Assigned task:
Starting at the line below that contains "2023年2月統計月報_頁面_08.jpg" and ending at the line that contains "Hỏa lực tốt của Manchester United", retype each line exactly as it stands, but omit the pictures.

---+---

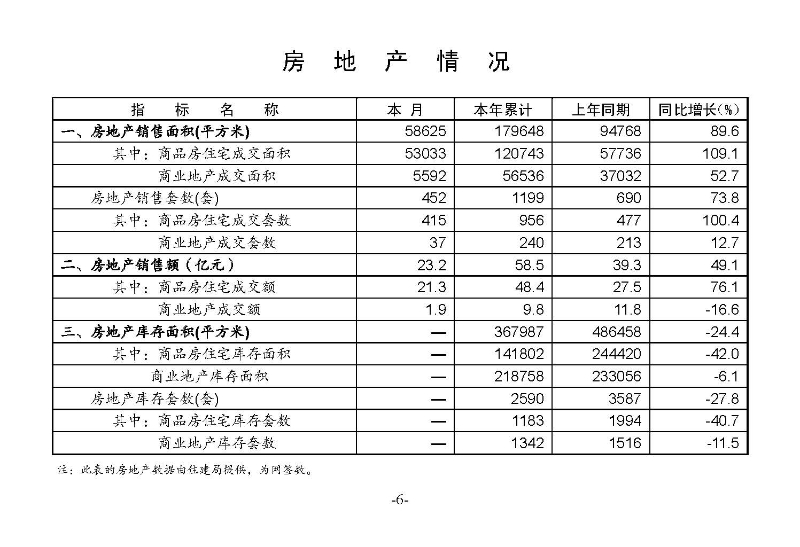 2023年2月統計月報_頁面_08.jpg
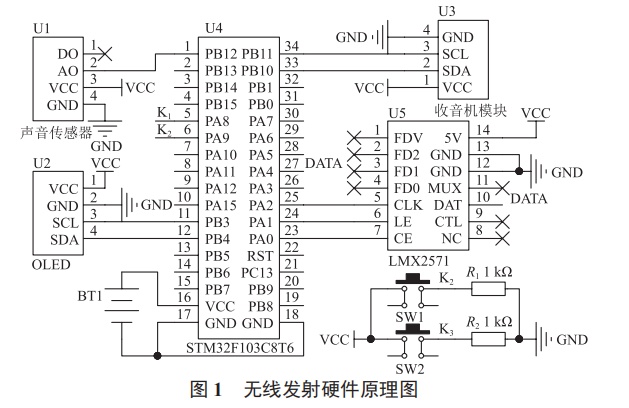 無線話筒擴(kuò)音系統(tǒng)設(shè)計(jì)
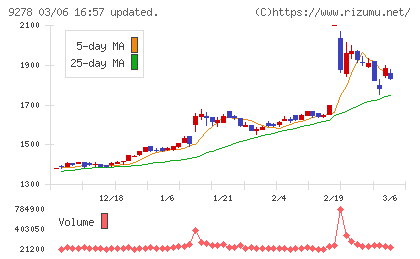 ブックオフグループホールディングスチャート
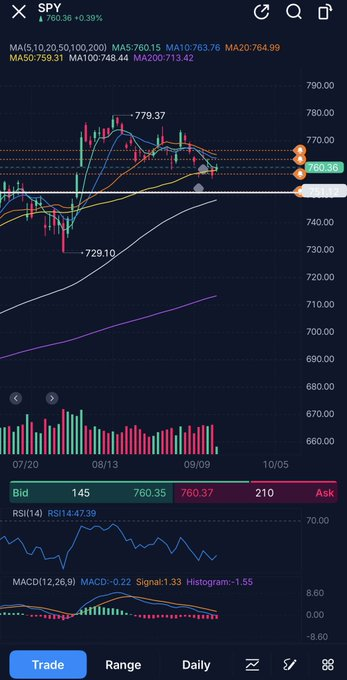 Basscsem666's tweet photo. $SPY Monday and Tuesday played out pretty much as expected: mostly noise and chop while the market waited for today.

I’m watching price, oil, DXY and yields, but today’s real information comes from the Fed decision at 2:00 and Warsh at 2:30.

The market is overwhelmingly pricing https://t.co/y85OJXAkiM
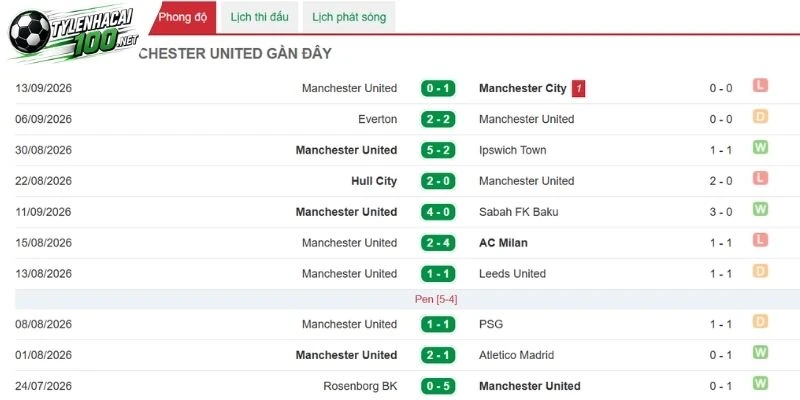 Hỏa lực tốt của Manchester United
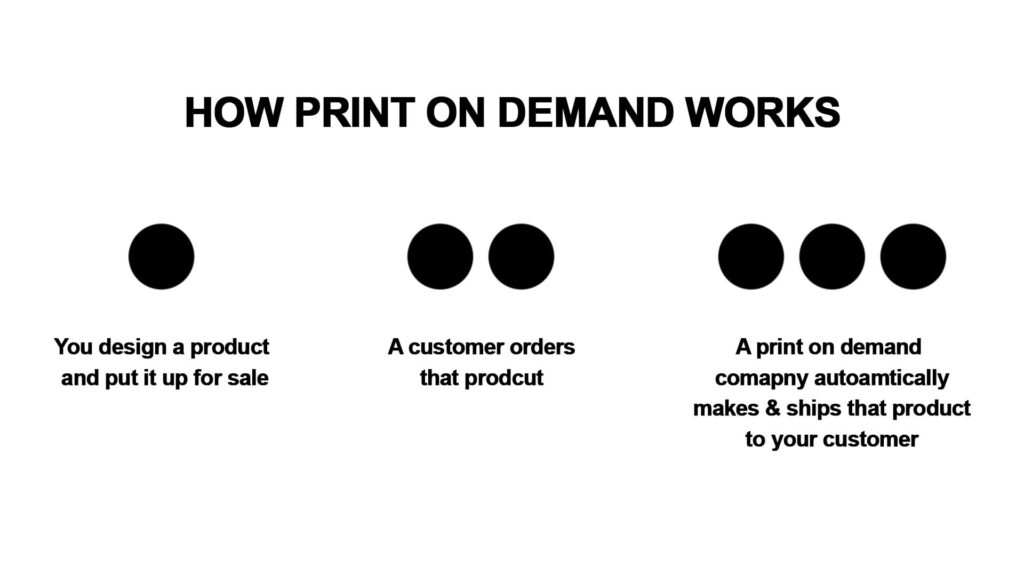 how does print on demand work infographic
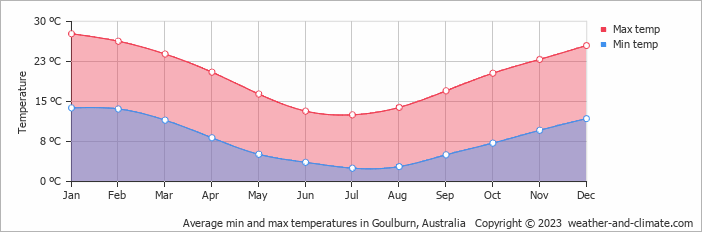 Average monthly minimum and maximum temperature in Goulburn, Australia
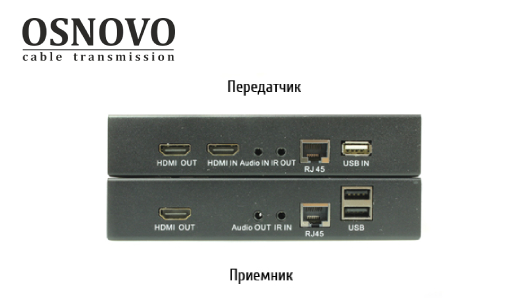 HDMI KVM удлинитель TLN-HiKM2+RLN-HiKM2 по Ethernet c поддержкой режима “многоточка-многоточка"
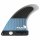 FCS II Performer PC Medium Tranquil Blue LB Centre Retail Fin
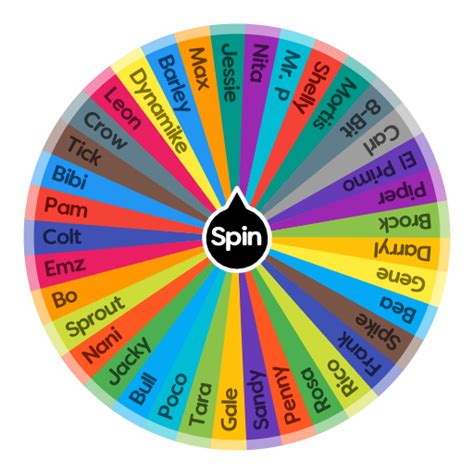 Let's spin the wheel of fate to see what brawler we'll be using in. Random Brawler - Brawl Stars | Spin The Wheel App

---+---

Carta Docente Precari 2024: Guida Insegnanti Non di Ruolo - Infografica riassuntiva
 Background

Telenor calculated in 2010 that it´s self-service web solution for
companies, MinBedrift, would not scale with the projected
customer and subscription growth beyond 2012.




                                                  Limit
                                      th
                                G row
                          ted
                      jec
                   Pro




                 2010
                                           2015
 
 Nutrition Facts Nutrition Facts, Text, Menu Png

---+---

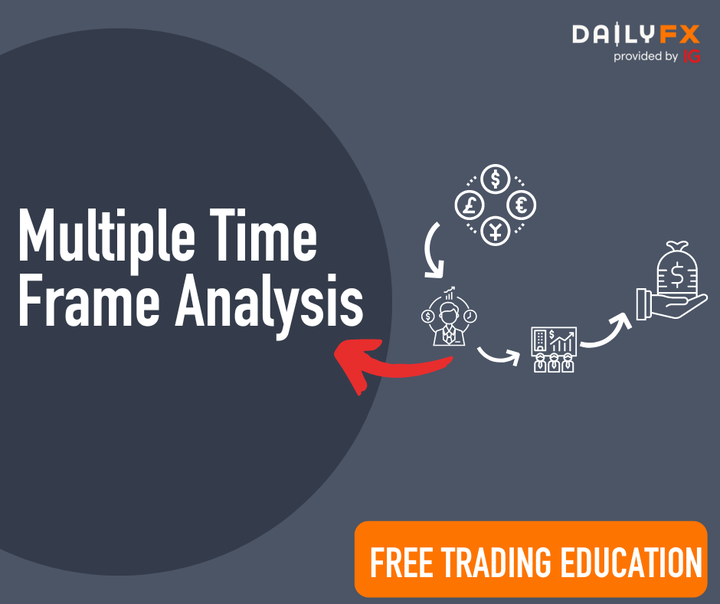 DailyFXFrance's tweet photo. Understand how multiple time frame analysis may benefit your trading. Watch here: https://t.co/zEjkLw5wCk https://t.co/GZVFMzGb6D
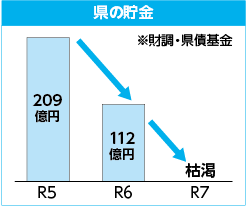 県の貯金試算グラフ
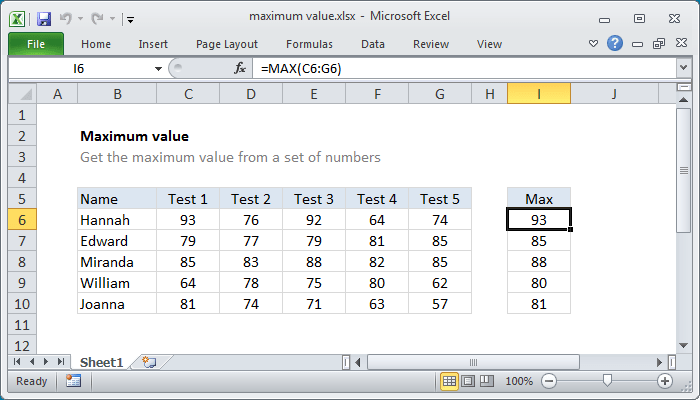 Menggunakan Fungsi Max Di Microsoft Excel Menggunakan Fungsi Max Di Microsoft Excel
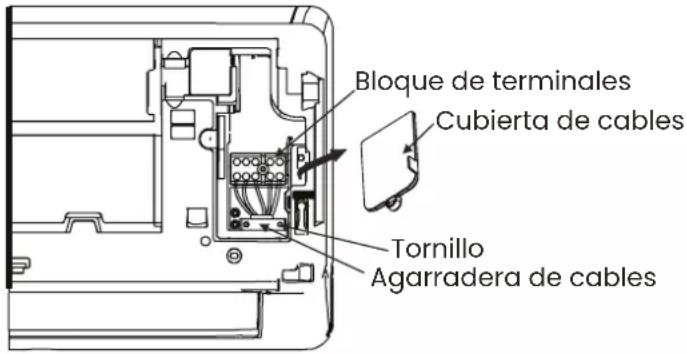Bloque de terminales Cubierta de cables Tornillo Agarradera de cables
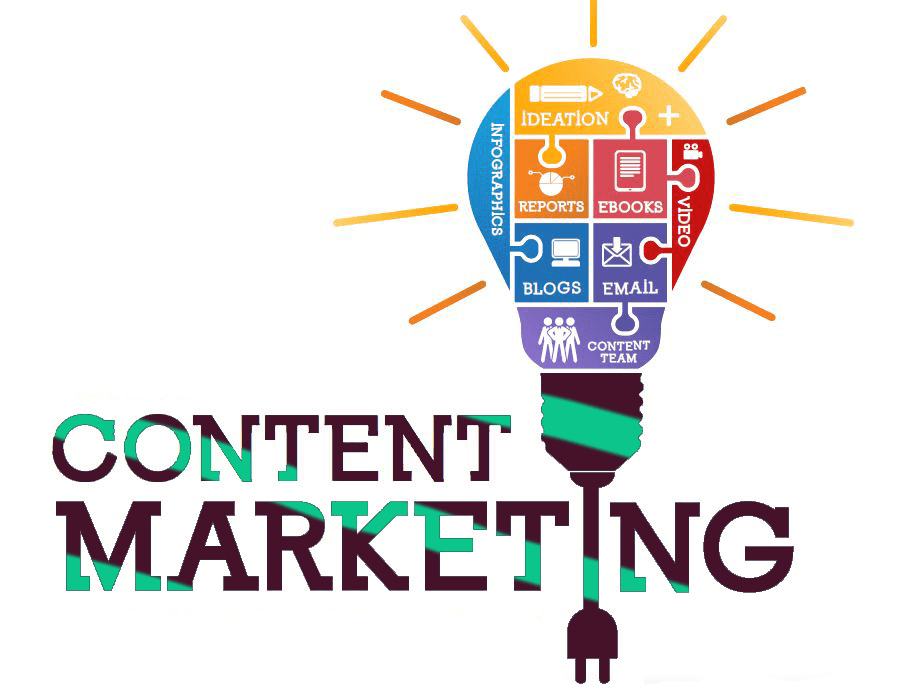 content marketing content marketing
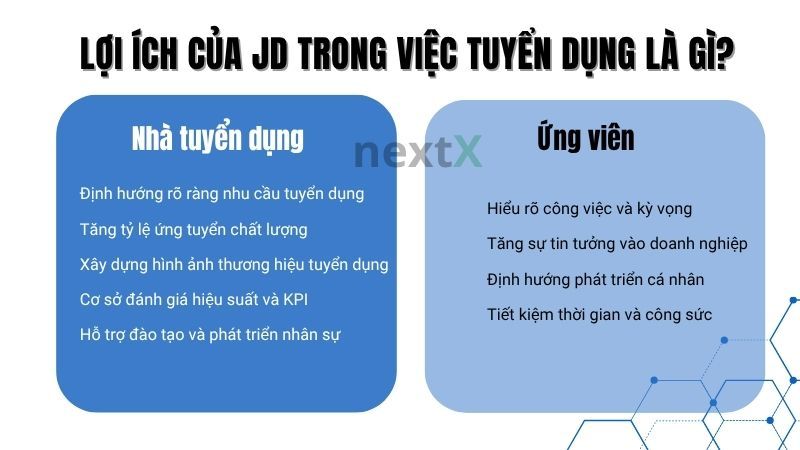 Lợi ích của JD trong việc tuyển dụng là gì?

---+---

Task response:
 2023年2月統計月報_頁面_08.jpg
 無線話筒擴(kuò)音系統(tǒng)設(shè)計(jì)
 ブックオフグループホールディングスチャート
 Basscsem666's tweet photo. $SPY Monday and Tuesday played out pretty much as expected: mostly noise and chop while the market waited for today.

I’m watching price, oil, DXY and yields, but today’s real information comes from the Fed decision at 2:00 and Warsh at 2:30.

The market is overwhelmingly pricing https://t.co/y85OJXAkiM
 Hỏa lực tốt của Manchester United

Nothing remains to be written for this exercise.